More than 20 students in the class were all on a chore schedule, with two people from the class tending to the pigs every morning and two people every evening, heading out to the farm to check on them.

The students tagged the pigs, castrated the boars and learned how to give them their necessary vaccination shots. They weighed them once a week to track their weights and figure out their growth to adjust the feed plans.

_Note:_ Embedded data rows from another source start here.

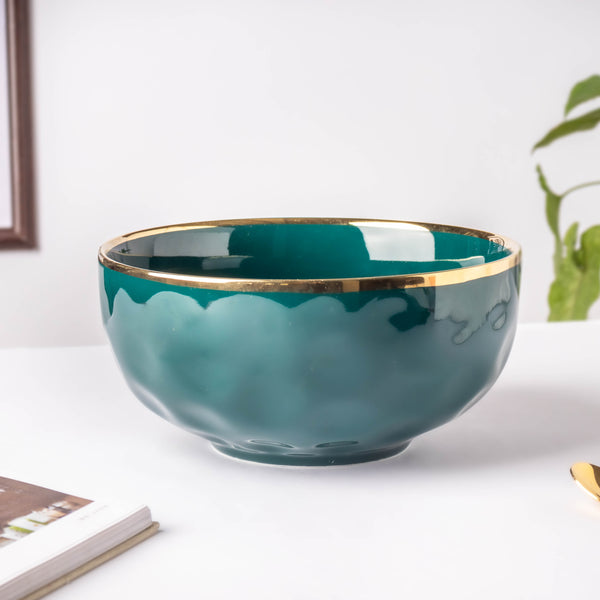 Greenwave Serving Bowl 8 Inch - Bowl, ceramic bowl, serving bowls, noodle bowl, salad bowls, bowl for snacks, large serving bowl | Bowls for dining table & home decor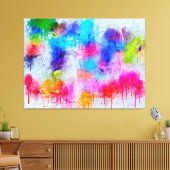 Abstracte Waterverf Canvas Afdruk (Insitu (Woonkamer))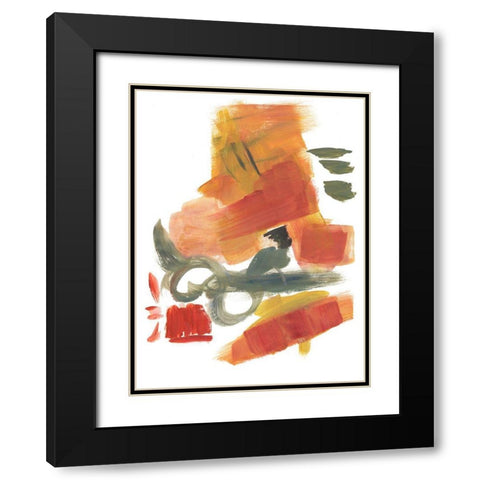 Breaking Out II Black Modern Wood Framed Art Print with Double Matting by Combs, Joyce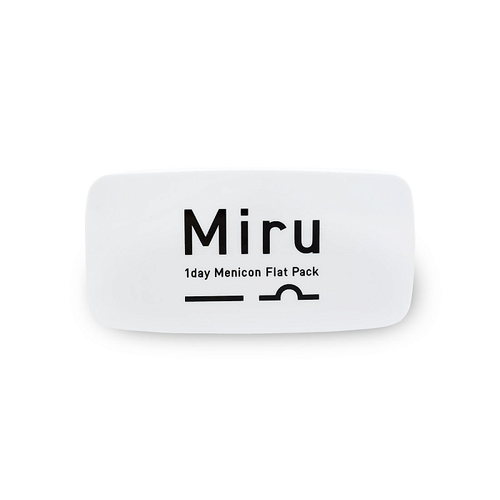 ���������� ����������� ���������� ����� Menicon Miru 1 day Flat Pack, 30 ��., R 8,6, D -1, 1 ��.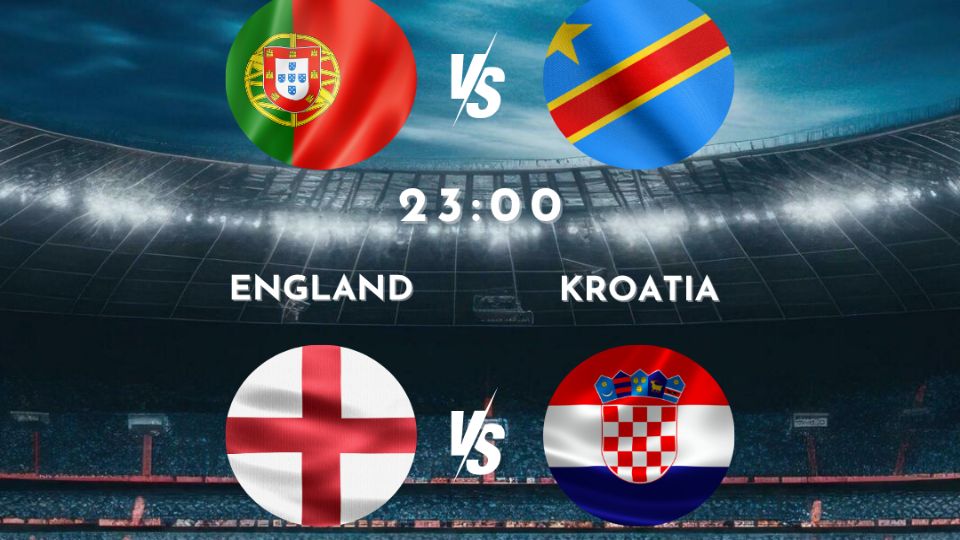 FIFA World Cup 17.6. kl. 20:00 Portugal mot DR Kongo FIFA World Cup 17.6. kl. 23:00 England mot Kroatien
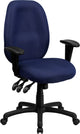 High Back Navy Fabric Ergonomic Executive Swivel Chair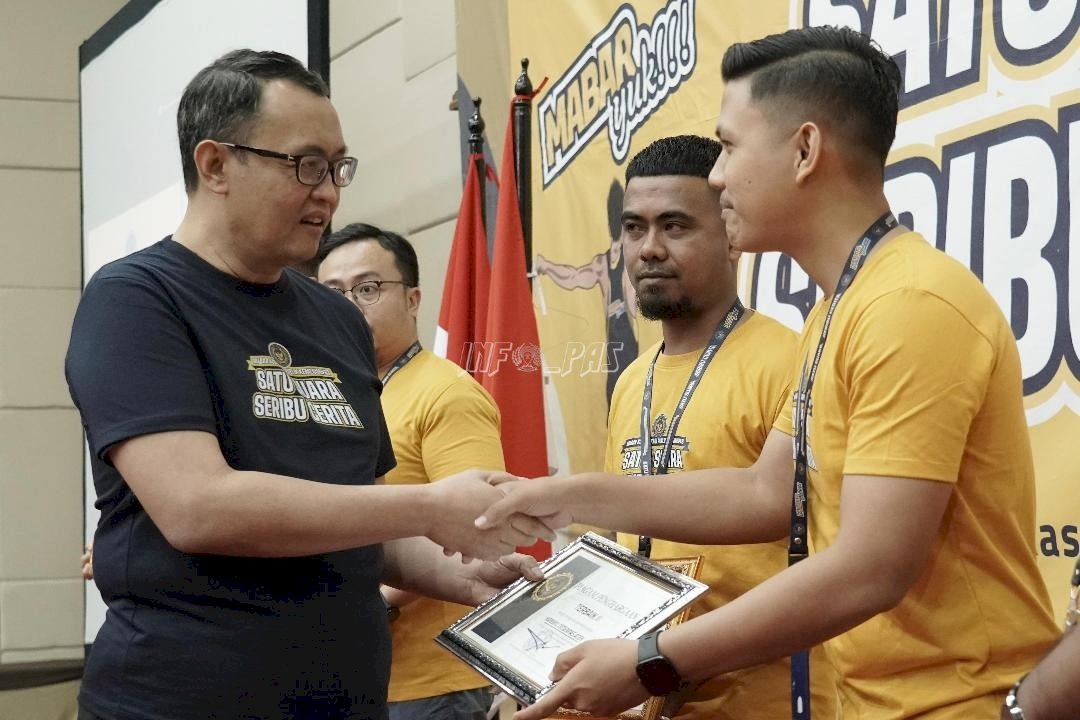 Kanwil Ditjenpas Aceh Raih Terbaik II Mabar Komunikasi Publik Kemenimipas 2025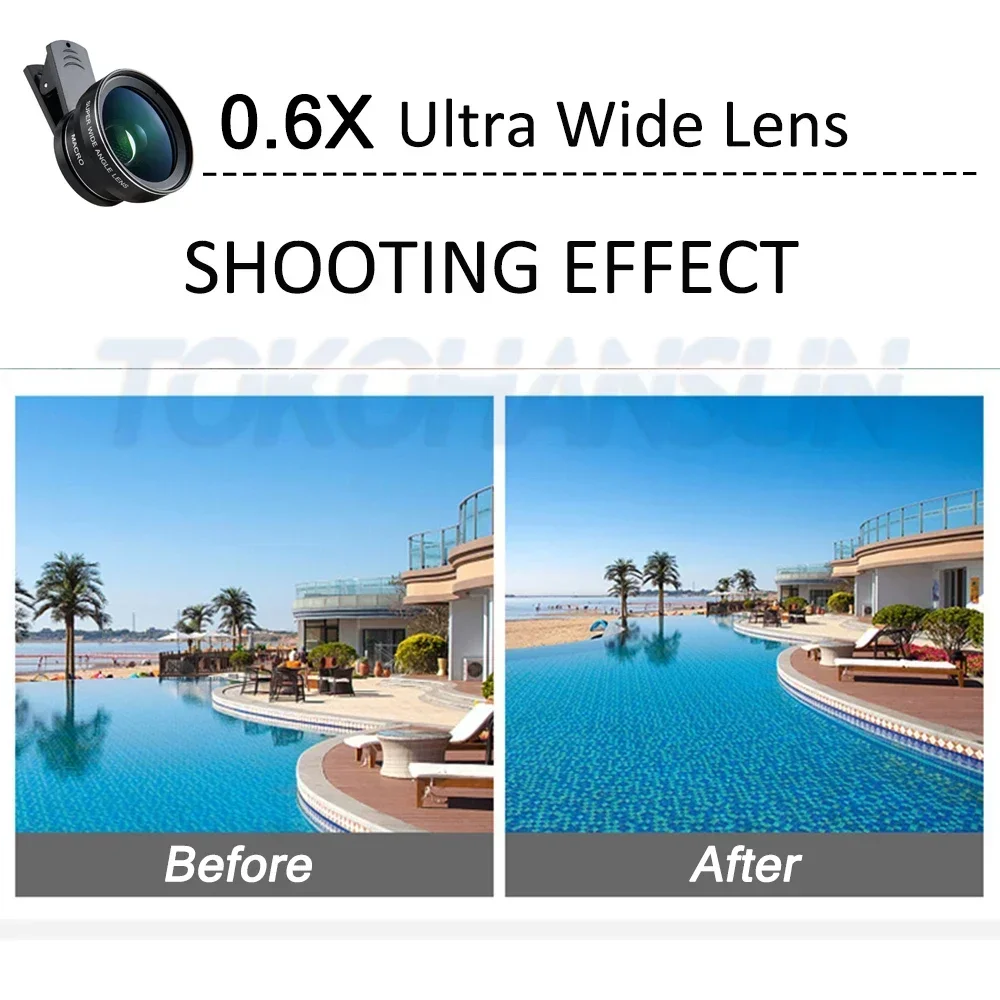 プロ仕様HDスマホカメラレンズキット 0.6倍広角レンズ 0 - Photography Kit Xiaomi のレビューと価格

Spurgin said the students were in contact with the feed mill throughout to determine rations.

The sow and the 12 piglets came from the Iowa Learning Center at the Iowa State Fair. They were born Aug. 13. Iowa Pork Producers had sent an email out at the beginning of last summer, to see if any FFA or school ag programs were interested, and Charles City responded.

“It’s a learning experience that they wouldn’t be able to get otherwise,” Spurgin said. “It’s been a great opportunity for these kids to be able to try and do new things.”

The learning experience will continue. This spring, the veterinary tech class at Charles City will be selecting a boar and will be breeding the sow for a live birthing display at the 2019 Floyd County Fair. The class will work with local veterinarians on the project.

“The plan is to a have a farrowing set-up on display during the fair, with a live cam, so that people can watch the sow give birth and raise pigs,” Spurgin said.

He said the event will give students a better understanding about modern swine production.